D’abord, suite à un effort de vulgarisation non négligeable, les débats de fond stratégiques sont rendus accessibles à tou·tes. Ensuite, cet essai se termine par un dialogue entre l’auteur et Steve Bloom, poète new-yorkais et militant à Solidarity, au cours duquel ils discutent, échangent des arguments et surtout, se laissent convaincre. Ceci ne devrait pas manquer de nous inspirer sur la manière dont nous pourrions mener les débats dans l’ensemble de nos cadres militants.
Marronage et révolution haïtienne
L’autre aspect qui nous ravit, c’est que ce livre aide à penser les formes d’organisations révolutionnaires au travers d’autres exemples que ceux issus de l’Occident, telles les luttes exemplaires des communautés de Marrons au Suriname et en Jamaïque ou encore la révolution Haïtienne. Les Marrons se sont notamment organisés en autonomie des colons esclavagistes : « les marronages, qui se développaient dans cette partie du monde, employèrent des formes très efficaces d’organisations décentralisées qui leurs permettaient non seulement de vaincre leurs anciens esclavagistes, mais encore de rester autonomes vis-à-vis de tous les surveillants indésirables pendant des centaines d’années – jusqu’à nos jours » précise R. « M. » Shoatz (p. 36).

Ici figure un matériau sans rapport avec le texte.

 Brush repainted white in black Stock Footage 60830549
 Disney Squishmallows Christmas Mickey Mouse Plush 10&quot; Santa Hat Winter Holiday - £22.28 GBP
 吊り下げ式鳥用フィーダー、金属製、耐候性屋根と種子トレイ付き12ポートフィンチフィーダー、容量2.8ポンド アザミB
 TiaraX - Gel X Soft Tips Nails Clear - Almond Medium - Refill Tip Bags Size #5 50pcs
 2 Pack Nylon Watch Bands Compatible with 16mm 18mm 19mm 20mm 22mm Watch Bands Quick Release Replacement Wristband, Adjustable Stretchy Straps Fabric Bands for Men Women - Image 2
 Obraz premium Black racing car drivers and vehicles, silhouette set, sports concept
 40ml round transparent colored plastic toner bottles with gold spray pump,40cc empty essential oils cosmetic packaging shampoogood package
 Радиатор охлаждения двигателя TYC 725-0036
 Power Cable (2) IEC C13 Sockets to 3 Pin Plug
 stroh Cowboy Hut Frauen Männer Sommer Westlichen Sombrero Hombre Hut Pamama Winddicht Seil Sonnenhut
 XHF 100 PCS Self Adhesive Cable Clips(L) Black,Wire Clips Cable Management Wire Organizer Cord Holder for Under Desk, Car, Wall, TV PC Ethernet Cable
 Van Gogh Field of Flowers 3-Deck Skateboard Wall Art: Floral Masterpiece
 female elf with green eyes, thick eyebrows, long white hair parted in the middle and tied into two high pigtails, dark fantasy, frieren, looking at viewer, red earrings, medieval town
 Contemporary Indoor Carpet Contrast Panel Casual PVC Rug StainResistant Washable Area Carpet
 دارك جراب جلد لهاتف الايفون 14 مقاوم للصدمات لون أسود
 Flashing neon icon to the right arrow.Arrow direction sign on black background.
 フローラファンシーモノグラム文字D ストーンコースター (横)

À partir de ces événements, et en utilisant la métaphore de l’hydre et du dragon, l’auteur questionne le parti centralisé, issu notamment des traditions marxistes-léninistes, pour penser une autre forme d’organisation : « MOSAIC : Movement of Oppressed Sectors Acting In Concert ». Pour l’auteur, la « mosaïque » est un point de départ idéologique qui servira tous nos intérêts individuels et collectifs. On pourrait également l’appeler « autodétermination intercommunautaire » (p. 62).
Sans forcément partager entièrement ce point de vu, il a le mérite de nous faire rediscuter des bilans des organisations marxistes, notamment au travers du dialogue final autour de l’essai présenté ici et de La Révolution trahie de Léon Trotsky (Éditions de Minuit).
Quelle organisation pour les activistes révolutionnaires ?
C’est la grande question que rouvre ce livre, sans la clore complètement. Question dont nous devrions discuter pour se coordonner et pour intervenir dans le mouvement. À A2C, nous avons publié un texte de Vanina, Élaborer une stratégie, dans le mouvement et pour le mouvement, qui revient souvent dans nos discussions. Elle y développait notre point de départ : « La stratégie que nous proposons est celle de l’autonomie de notre classe. D’abord, parce que nous pensons qu’il n’y a pas de raccourci à l’émancipation : elle ne peut être l’œuvre que des premier·es concerné·es. Cette stratégie ne cherche donc pas d’abord à se démarquer, mais à convaincre et entraîner la majorité. Chaque personne qui reprend confiance dans sa capacité à agir, chaque personne qui s’organise, est une personne qui renforce notre capacité collective à gagner. »
Et malgré certains désaccords que nous pouvons avoir avec les thèses défendues par l’auteur de L’Hydre et le Dragon, notamment concernant la décentralisation complète de nos organisations, ce livre est un outil pour mener des discussions stratégiques avec des activistes du mouvement et nous permet de nous organiser plus efficacement pour mieux gagner.